Bodies of refugees from the future float in the water in a scene from the premiere of "The Crossing" on ABC.
Bodies of refugees from the future float in the water in a scene from the premiere of "The Crossing" on ABC. By Courtesy of ABC
By Mason P. Sands, Contributing Writer

Hundreds of the drowning and drowned dot the rich blue waters of the ocean depths. A woman swims toward her child. Breathing oxygen into her daughter’s lungs, the mother pulls them both into the world above in an act of pure desperation. It is the scenes like this opening one—dramatic images that beget more questions than answer them—that drives the pilot of new ABC show “The Crossing” forward. This episode follows the sudden appearance of 500 people, only 47 of them alive, just off the coast of a small American town. They claim they are refugees—from the United States 180 years in the future.

While the new arrivals adapt to life in the present day, local and federal security forces, like local Sheriff Jude Ellis (Steve Zahn) and Department of Homeland Security Agent Emma Ren (Sandrine Holt), rush to protect the town and find answers in a situation that only becomes more complex as it unravels.

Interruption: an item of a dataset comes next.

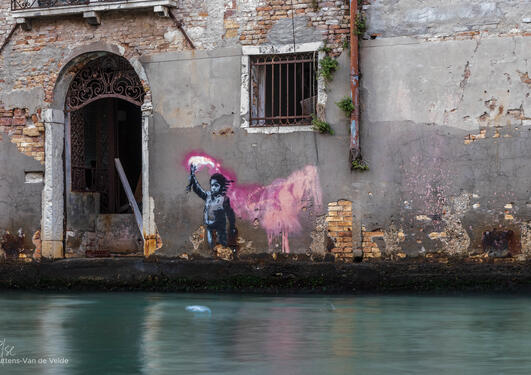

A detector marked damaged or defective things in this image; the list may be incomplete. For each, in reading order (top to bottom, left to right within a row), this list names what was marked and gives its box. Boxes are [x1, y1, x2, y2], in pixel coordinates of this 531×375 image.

rusty window grille [248, 51, 316, 128]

With all its questions, alliances, betrayals, and subplots, “The Crossing” should be a fast-paced mystery drama, but the pilot is generally boring and passable at best. The episode never provides basic answers to questions about its world, and having such an ill-defined world—not understanding why, how, or what is at stake—disengages the audience instead of keeping them hooked. The success of the series will depend on when and how ABC plans on fulfilling its promise for answers.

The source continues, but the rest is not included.